In and out inside of 85-minutes, Road to Singapore is never boring and gives plenty of great laughs. It's certainly not complicated, but it doesn't need to be for it to be successful. Even as the first of the seven Road films Crosby and Hope had their act honed and was a well-oiled machine of song and dance and great laughs. If you're stuck looking for some worthwhile light entertainment take the Road to Singapore. It'll get you where you need to go.
Vital Disc Stats: The Blu-ray
Road to Singapore travels its way to Blu-ray courtesy of Kino Lorber and their Studio Classics label. Pressed on a Region A locked BD-25 disc, the disc is housed in a standard sturdy case. The disc loads directly to a static image main menu with traditional navigation options.
Road to Singapore delivers the comedy gold with an aged but still very impressive 1080p 1.37:1 transfer. Much of the film looks fantastic offering up crystal clear details with a stable grain presence to deliver a nicely filmic appearance. The only real negative to this show is that there are some rough patches where speckling and small scratches become more prominent. Thankfully, those moments are very brief and don't distract from the show. As I said details are nice and strong letting you appreciate fine facial features, clothing, and the rather impressive set design work that went into creating a convincing Singapore set complete with a riverfront house. Greyscale is in great shape giving plenty of shadow and deep inky black levels to the show without any serious signs of crush. Depth is appreciable. All around aside from some of the age-related wear and tear, this is a very nice looking transfer.
Road to Singapore gets a lot of mileage out of its DTS-HD MA 2.0 mono track. Dialogue is crystal clear and the song and dance numbers are great. Scoring is a bit minimal and incidental but it comes through nicely. Sound effects are on the same path as there's not much call for dramatic atmospherics when each scene was obviously shot on a soundstage. The only real issue of note is some slight hiss and a couple of age pops here and there, but none of the wear and tear is too distracting.
Outside of some archival features and trailers, there isn't a whole lot to the bonus features package for Road to Singapore. With that, the two Bob Hope-focused features is a nice little look at the man's career and the work that he did to entertain the troops.

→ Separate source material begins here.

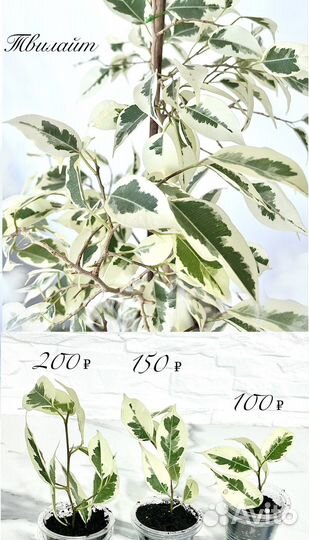 Фикусы, разные сорта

Road to Singapore is a solid song-and-dance comedy with Bing, Bob, and Dorothy doing what they do best. It's a silly show that revels in its over-the-top premise and slings the jokes faster than you can keep up with. Watching this one it's really no surprise that the film spawned six sequels that all hold their own. If you're a fan of the series, this is where it all began. Kino Lorber delivers a nice Blu-ray release with a strong A/V presentation and a couple of nice archival bonus features highlighting the career and contributions of Bob Hope. Whether you're a fan of the series or just need a good laugh, Road to Singapore is Recommended.